Berlin: Germany’s public debt continued to rise in the first quarter of 2023, reaching a record 2,406.6 billion euros ($2,628.4 billion), the Federal Statistical Office (Destatis) said.
Compared with the end of 2022, Germany took on 38.9 billion euros more in new debt which was “mainly due” to the federal government’s increased financing requirements due to the energy crisis, Xinhua news agency quoted Destatis as saying.
To cushion the impacts of the skyrocketing energy prices, the government set up an economic stabilisation fund in November last year and put a cap on electricity and gas prices. Including 22.2 billion euros in new debt raised in the first three months, the fund’s volume has so far grown to 52.4 billion euros.
Supported by anti-inflation measures, the rise in consumer prices for energy, which was still the main driver of inflation in Germany last year, slowed to 2.6 per cent in May, according to the latest official figures.

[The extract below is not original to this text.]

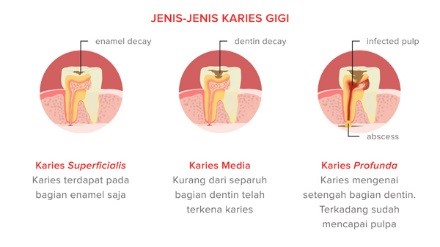 Karies gigi dan Pencegahannya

Despite high spending on crisis management, the German government intends to return to a balanced budget in 2023.
To this end, the “debt brake”, which prevents new borrowing, is to take effect again for the first time since 2020.
“The debt brake is not just a constitutional imperative. It is an imperative of economic reason that monetary and fiscal policies work hand in hand to fight inflation and that they do not cancel each other out,” said Minister of Finance Christian Lindner.